TA - PS.2003.0065 - 2003-11-07 - c/Service de l'emploi

7 novembre 2003Français9 min

Source vd.ch

Faits

Vu les faits suivants:

A. Après avoir travaillé

notamment comme garçon de cuisine, garçon de buffet et chauffeur-livreur,

X.________ a été engagé en qualité de serveur au ******** à ******** le 6

juillet 1999. Licencié avec effet au 30 septembre 2001, il a revendiqué et

obtenu d'être mis au bénéfice des prestations de l'assurance-chômage à compter

du 1er octobre 2001.

Le 30 novembre 2001,

X.________ s'est porté candidat pour pouvoir suivre les cours de préparation

aux examens tendant à l'obtention du certificat de capacité de cafetier,

restaurateur et hôtelier, sans en aviser l'Office régional de placement de

Lausanne (ci-après: l'ORP).

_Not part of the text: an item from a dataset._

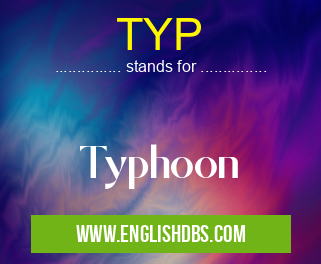 TYP means Typhoon TYP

Par contrat de travail de durée indéterminée signé

le 1er mars 2002, il a été engagé à compter de cette date en qualité de

chauffeur-livreur à mi-temps par l'entreprise ********, à ********. Le 27

février 2002, la Société vaudoise des cafetiers et restaurateurs l'a avisé

qu'il avait été admis aux cours précités, organisés du 25 mars au 14 juin 2002.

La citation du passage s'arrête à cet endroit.